In our passage from Luke’s Gospel this morning, Jesus presents all of us with an equally radical challenge. Luke tells us that a large crowd was travelling with Jesus. Then as now, people found Jesus interesting, curious – an attractive personality. Many were tempted to follow him – to become one of his disciples. But before they (and we) commit, Jesus wants them to be fully aware what Christian discipleship entails. He doesn’t want to deter or discourage us, but he does wants us to fully understand what being his disciple really means. And so in today’s passage, Jesus teaches us that following him
- Means making him our top priority
- Requires us to count the cost
- And it requires us to remain distinctively different.
- Following Jesus… means he is your first priority! (v.26)
Anyone following American politics over the past year will have heard some shocking statements come from the mouth of Donald Trump. During his election campaign he made shocking remarks about Mexicans, muslims and women. Remarks I will not be repeating from the pulpit! But at first glance even Trump’s remarks seem mild compared to Jesus’ words in verse 26 today. Let me remind you what Jesus said: ‘If anyone comes to me and does not hate their father and mother, wife and children, brothers and sisters – yes, even their own life – they cannot be my disciple.”
I wonder what you thought when you heard them read just now? Is Jesus really saying we should hate our nearest and dearest. Is he really saying that Christians should despise and detest our spouses, our siblings – even ourselves? And doesn’t the Bible say elsewhere that we should love other people and honour our parents?
Well, properly understood, Jesus’ words are radical but not cruel. If we understand them rightly, his words are incredibly challenging but certainly not immoral.
Because when Jesus uses the word ‘hate’ here, he doesn’t mean ‘hate’ in the sense we do today. Hate here doesn’t mean to actively dislike someone or something. Like other Jews of his day, Jesus is using the word ‘hate’ to mean “love less than something else”. To hate something in this sense is merely to love it less than something else. So for example, if I said I ‘hate’ cheese compared to cake, I would mean that even though I enjoy a slice of cheddar, I prefer a slice of Victoria sponge! You get the point, I hope? Jesus is using the word hate to express priority and preference, not detesting and despising.

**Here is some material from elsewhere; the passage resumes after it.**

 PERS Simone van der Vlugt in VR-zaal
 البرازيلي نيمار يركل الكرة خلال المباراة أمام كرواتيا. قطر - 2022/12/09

So what Jesus is saying in verse 26 is that Christians should love him ahead of anyone and anything else. Even more than we love our family, friends and our very selves. Jesus is saying that Christians should give him their ultimate loyalty and love. He is saying that we should put him before our family, our career, our social life – ahead of anything that tries to claim ‘top spot’ in our lives. I wonder who (or what) would have to make way in your heart?
So with these challenging words, Jesus is calling us to put him first in our affections. Jesus wants Christians to be wholehearted, not half-hearted. He wants us to be committed disciples not casual consumers – disciples who are ‘on fire’ for Jesus, not just lukewarm!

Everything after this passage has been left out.